You might wonder why you would care?

We often design hash functions: they are special functions that take an input and generate a random-looking output. Several years ago I designed a very fast hash function called clhash. It is a super-fast hash function for strings having a few hundred bytes or more. If you don’t know about clhash, check it out. It is interesting in its own right.

This clhash hash function uses a type of multiplication typical of cryptographic applications. I was trying to argue that our approach had benefits compared with techniques based on standard multiplications. Let me illustrate. A simple hash function for 32-bit integers could take the least significant bits and multiply them with the most significant bits.

// simpleHighLowHash is a simple (and weak) 32-bit hash
// that multiplies the high 16 bits by the low 16 bits.
func simpleHighLowHash(x uint32) uint32 {
    high := uint16(x >> 16)
    low := uint16(x & 0xFFFF)
    return uint32(high) * uint32(low)
}

Maybe you’d want the hash function to be uniform: all possible 32-bit hash values should be equally probable. It is only possible in this instance if the hash function can produce all 32-bit hash values, which is not the case.

The great mathematician Erdös showed that the proportion of all 2n-bit values that can be generated by the product of two n-bit values goes to zero as n becomes large. This means that if you have, say, 10000000-bit integers multiplying 10000000-bit integers, you’d expect relatively few 20000000-bit integers to be produced. But what about practical cases like 32-bit integers or 64-bit integers?

You can just brute-force the problem easily up to the multiplication of 16-bit integers into 32-bit products. At that point, slightly one out of five 32-bit numbers is a product between two 16-bit integers. About 80% of all 32-bit integers are never produced by this hash. However, the running time grows exponentially, and brute force won’t scale all the way to 32 bits.

So what do we do about the 32-bit case? That is, what do you do when you multiply two 32-bit integers to produce a 64-bit product?
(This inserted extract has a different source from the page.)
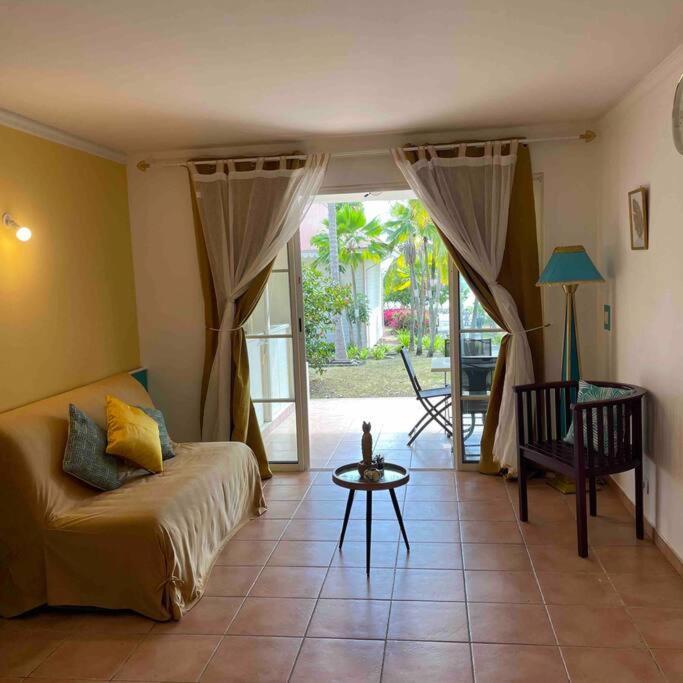 Le Mayakudja D'Or Apartamento Sainte-Anne  Exterior foto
What fraction of 64-bit values can the following function produce?

func simpleHighLowHash(x uint64) uint64 {
    high := uint32(x >> 32)
    low := uint32(x & 0xFFFFFFFF)
    return uint64(high) * uint64(low)
}

Can we get an exact result?

Yes!!!

Webster and his colleagues built the math to allow us to scale up the exact computation. He was kind enough to publish his code.

There are 3,215,709,724,700,470,902 64-bit (unsigned) integers that can be written as a product of two 32-bit integers. That’s about 17% of all possible values.

What about actually computing a pair of integers given their product? One approach consists of computing its full prime factorization, and then using those factors to build all possible divisors that are strictly less than 2^32, starting with a set of candidates containing only 1 and iteratively multiplying existing candidates by each prime factor (only keeping products that stay below 2^32). We can avoid adding duplicates to our set by processing unique prime factors with their multiplicity. Finally, we select the maximum such candidate m as the largest divisor under 2^32, compute the corresponding leftover n / m, and report whether a valid split into two 32-bit factors exists. In general, the answer (if it exists) is not unique: this returns the pair where one value is maximized. In Python, the code might look as follows.

for p in factor_multiplicities:
    new_candidates = []
    for c in candidates:
        for i in range(factor_multiplicities[p] + 1):
            if c * (p ** i) < 2**32:
                new_candidates.append(c * (p ** i))
    for new_c in new_candidates:
        candidates.append(new_c)
m = max(candidates)
print(f"Maximum candidate: {m}")
leftover = n // m
print(f"Leftover: {leftover}")
if leftover >= 2**32:
    print("Leftover is too large, cannot find a suitable candidate.")

You might be able to come up with a more efficient algorithm. I find it interesting to consider that if you pick a value at random, it will usually fail! That is, most 64-bit integers cannot be written as the product of two 32-bit integers.